For instance, if a stock trades between $20 and $30, Schwelling would buy at between $20 and $25, a few weeks before the company issues its regular dividend. He then would sell the stock after it has picked up a couple of points. His goal, he says, is a net return on each trade of 4 to 6 percent, counting dividends but deducting commissions. Schwelling, who says his strategy is "very conservative," claims annual total returns of 20 to 30 percent a year.
Schwelling said he continues to search for new clients, via the seminar route, because "no matter how successful you are, you always have attrition." People move away, their financial circumstances change, or they get bored and want to try some other investments, he said.
Schwelling once used mass mailings, occasionally sending out 10,000 invitations to an affluent area such as Chevy Chase. Some 40 to 50 people would show up, with perhaps five people opening accounts. Ten years ago, Schwelling said, he could arrange a meeting for $1,500, but with the rising price of hotel space and postage, it now costs $3,000.
Some brokers think holding a seminar for two people is more trouble than it's worth. But broker Harry M. Lyle of Kidder Peabody & Co. in the District is ready to testify that, if a broker keeps prospecting, sooner or later he may strike it rich. Forty percent of the weekly seminars Lyle advertises in the Business Calendar draw a zero response, he says. But 60 percent do bring in a few people -- usually one, two or three. (The other day, he recalls, he had a real crowd, seven people.)
At one of his lightly attended seminars not long ago, Lyle got to talking with a man who turned up for a discussion on zero-coupon bonds. The man, Lyle discovered, was trying to learn more about investments to help a cousin. The cousin had just won a multimillion-dollar lottery prize in another state.

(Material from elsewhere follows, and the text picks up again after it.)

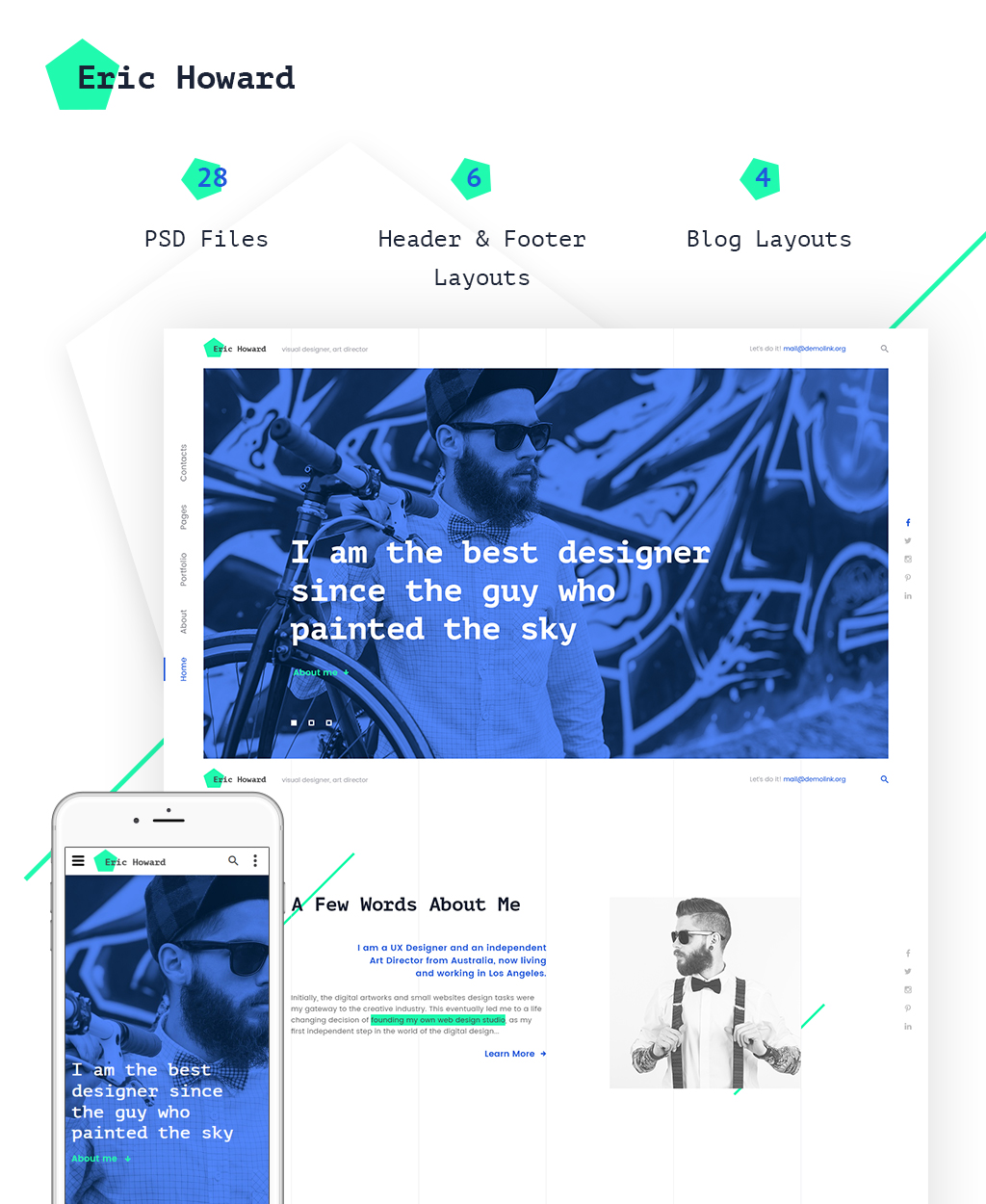 Responsive Eric Howard - Web Designer Portfolio Multipage Web Sitesi #62108 - Ekran resmi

For Lyle, that meeting was a bit of luck.
In time, the lottery winner opened an account with Lyle and while the amount invested thus far has been modest, Lyle figures he wouldn't have had the account at all if he haven't kept running the seminars.
Brokers agree that the most successful seminars -- meaning those that draw the most people and generate the most new accounts -- are the best planned.

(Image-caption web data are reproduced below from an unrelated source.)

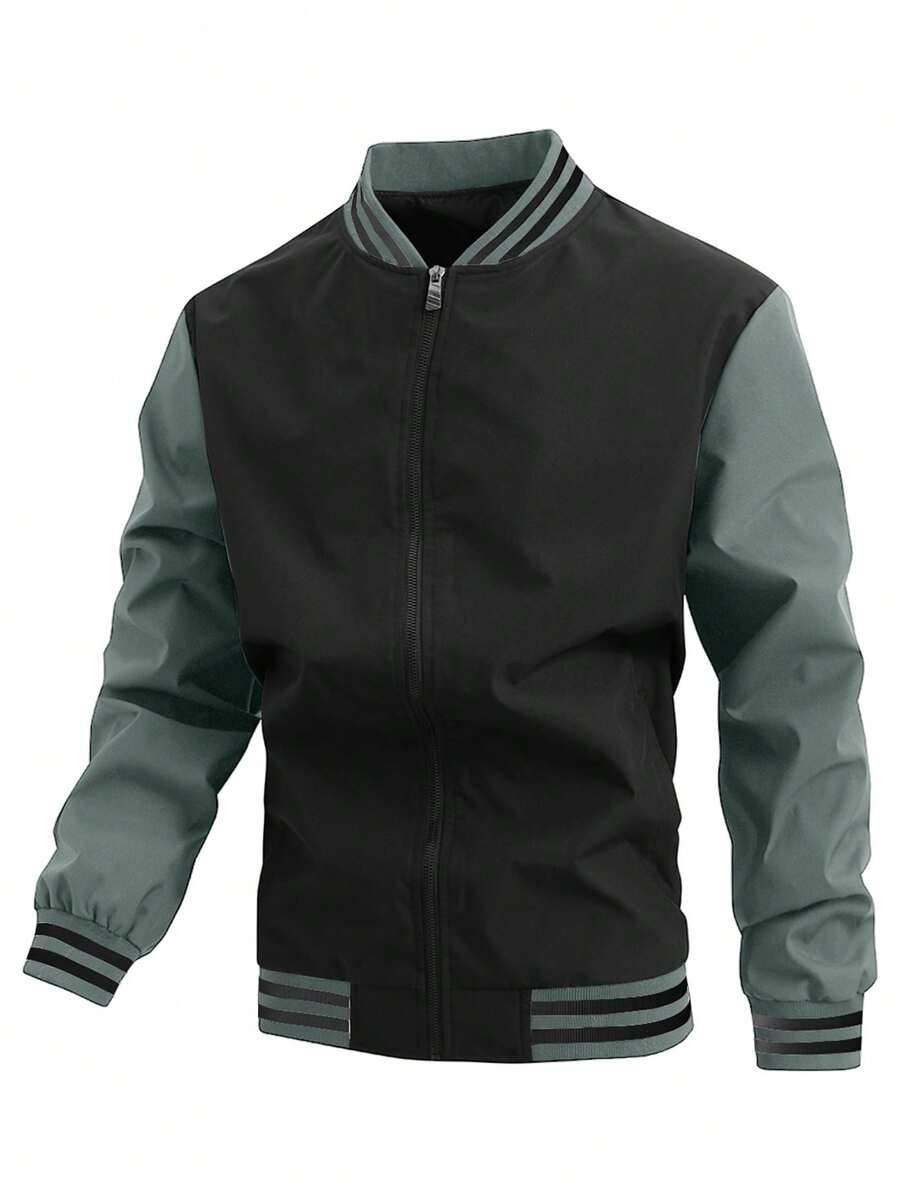 Manfinity Homme Plus Size Men's Striped Contrast Color Zipper Collar Casual Baseball Jacket, Autumn, Outdoor Windbreaker - Black - View 1
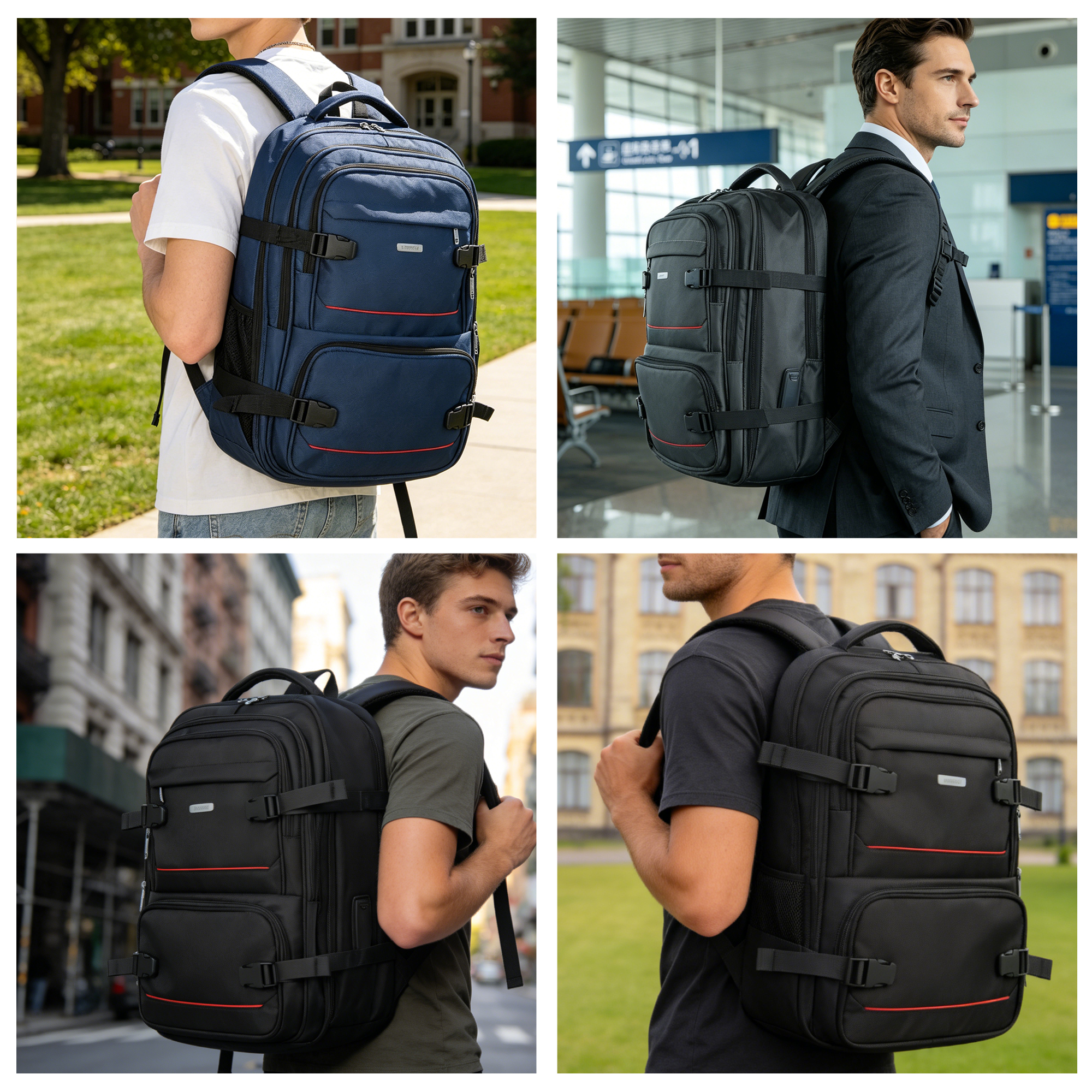 Mochila de viaje de equipaje de mano para laptop de negocios de 19 pulgadas, antirrobo, delgada y resistente, para escuela y universidad. Azul 4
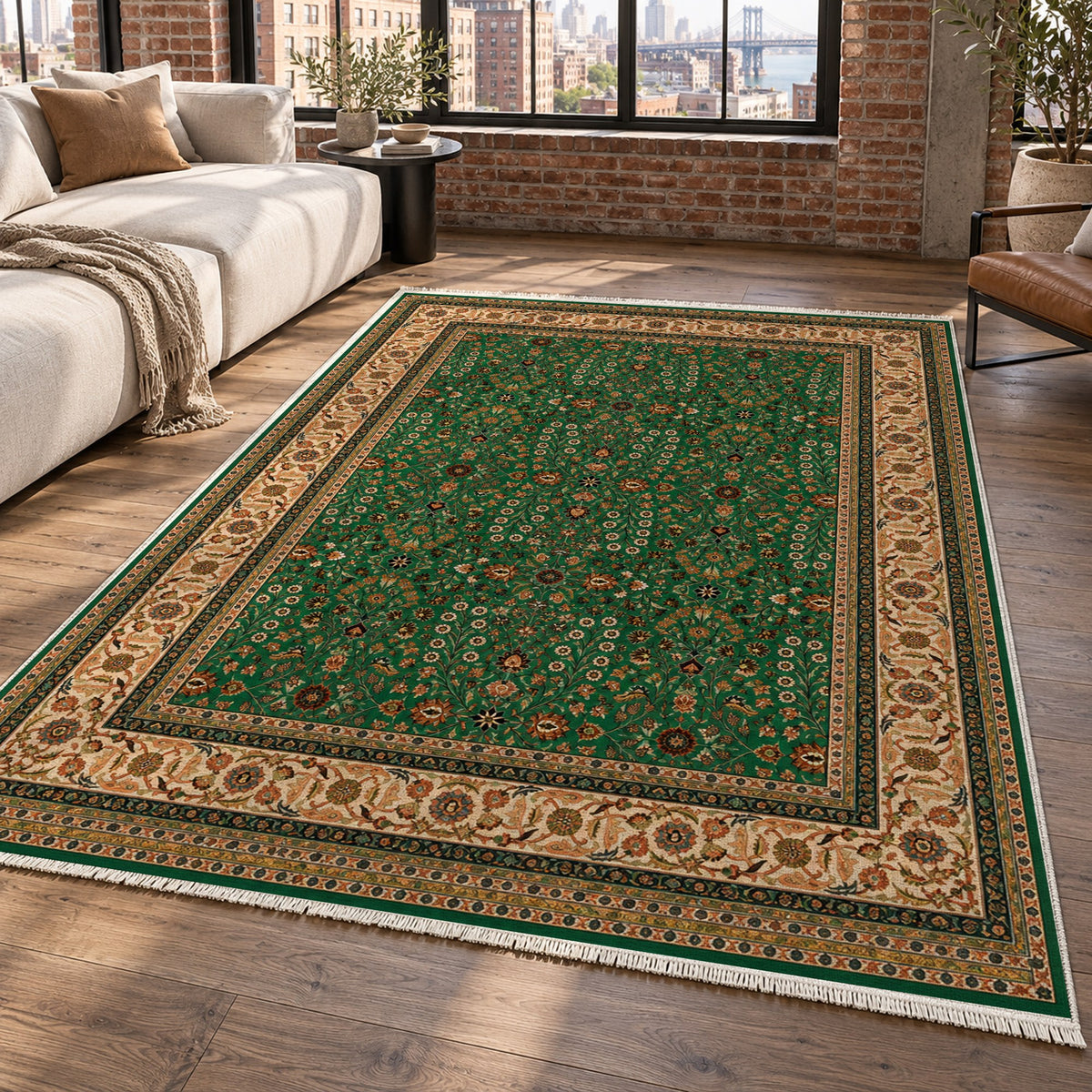 Ornamental Floral Emerald Sand Classic Washable Rug — new york living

Doing a seminar right generally means getting several brokers in a firm to work together to select an interesting topic, choose an effective speaker, compile a list of good prospects, hire a hotel meeting room at a time that will be convenient for clients, arrange for refreshments, send out written invitations with response cards or phone numbers, and call the clients the day before the seminar to remind them to attend.
With this amount of effort, says Rohe L. Winchell, manager of the Laidlaw, Adams & Peck office in Rockville, a seminar might draw 50 to 75 people. "If it is done correctly, it is effective." How many accounts will be opened will depend, he adds, on the topic: A seminar on tax-free bonds will produce more new accounts than one on an $80,000 tax shelter.
What seems to turn all brokers off is the perennial seminar-goer who shows up at meetings time after time, asks a lot of questions, but has no money to invest. Worse yet is the seminar-goer who listens carefully to a full-service broker's ideas, then goes to a discount house to do his trading.
About half of the seminar-goers that show up on his doorstep are perennials, says Lyle of Kidder Peabody. While he doesn't mind telling them about investments, he says, "people forget we have families, we have expenses, we work on straight commission and we don't get salaries."
Investors who want to broaden their investment knowledge before putting their hard-earned cash on the line, and think seminars can help, should take time first to read some of the available material on stocks, bonds, options, futures and other types of investments. These days, the shelves of book stores and libraries are sagging under the weight of investment books. Reading a few will help you cope with the brokers and get more out of their advice.